Over the past decade, the music surged in popularity through impresario Bill Gaither’s “homecoming” series of concert videos, which air ubiquitously on cable television. In 2004, the Gaither Homecoming concert tour ranked 16th in Pollstar, out-selling Elton John and Rod Stewart, among others, and Peck reigns as a Gaither favorite. A recent study ranked Southern Gospel was the ninth most popular format for AM stations and the 21st most popular for FM.

Of a recent show in Sweden, Peck says, “We were using an interpreter, who didn’t really understand the word ‘y’all,’ to try to talk to the crowd. I told them that was ‘Southern Swedish.’ Judging by their faces, I don’t think they got that joke. But the spirit of God knocked down all the language barriers. Even if the audience didn’t understand the lyrics, they felt the anointing through the music.”

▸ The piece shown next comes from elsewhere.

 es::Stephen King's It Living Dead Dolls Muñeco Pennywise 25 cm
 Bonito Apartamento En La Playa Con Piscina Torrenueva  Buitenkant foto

When she married Rickey Gooch, the vocalist had planned to retire, more or less, and start a family. “I thought maybe I’d just perform locally from time to time, but God had other plans,” says Peck, who homeschools her two children.

In 1991, she renewed a familiar harmony with her alto-range sister, Susan Peck Jackson, who is married to David Jackson, from Nashville’s Sho-Bud pedal steel guitar dynasty, and they since have added pianist Jeff Hawes to the mix. The name “New River,” she says, had refreshing, regenerative associations, plus “the Lord loved to be near water.”

Peck’s husband, a hairstylist and builder, converted his family’s Lumpkin County homeplace in Yahoola (“Yay-hooler,” in the local dialect) into a gospel compound called New River Park, with a stage designed to look like a country chapel, covered in weathered, reclaimed wood with a tin roof.

“There’s such a beautiful, quaint, serene feeling there, especially when the sun is setting, and you can see the cross outlined against the sky,” says Susan Jackson.

For the past decade, the couple has held “Christian Music Nights,” an annual festival on Father’s Day weekend. It usually attracts a crowd of around 600, including gospel stalwarts such as the Lewis Family, The Primitive Quartet, old friends Jeff and Sheri Easter, and up-and-comers like CS&K and Brian Free and Assurance.

“For days before the event, we talk about the menu – fried chicken, casseroles, corn, the best Southern cooking you’ll ever put in your mouth — and for days after, we declare we’ll never eat again,” says Sheri Easter. (Her son, Madison Easter, also studied for a year through Brenau’s online program, and her daughter-in-law, Shannon, is enrolled at the university now.) “The community that is created there is a direct reflection of Karen.  She welcomes everyone in with arms wide open, and the people feel that warmth.”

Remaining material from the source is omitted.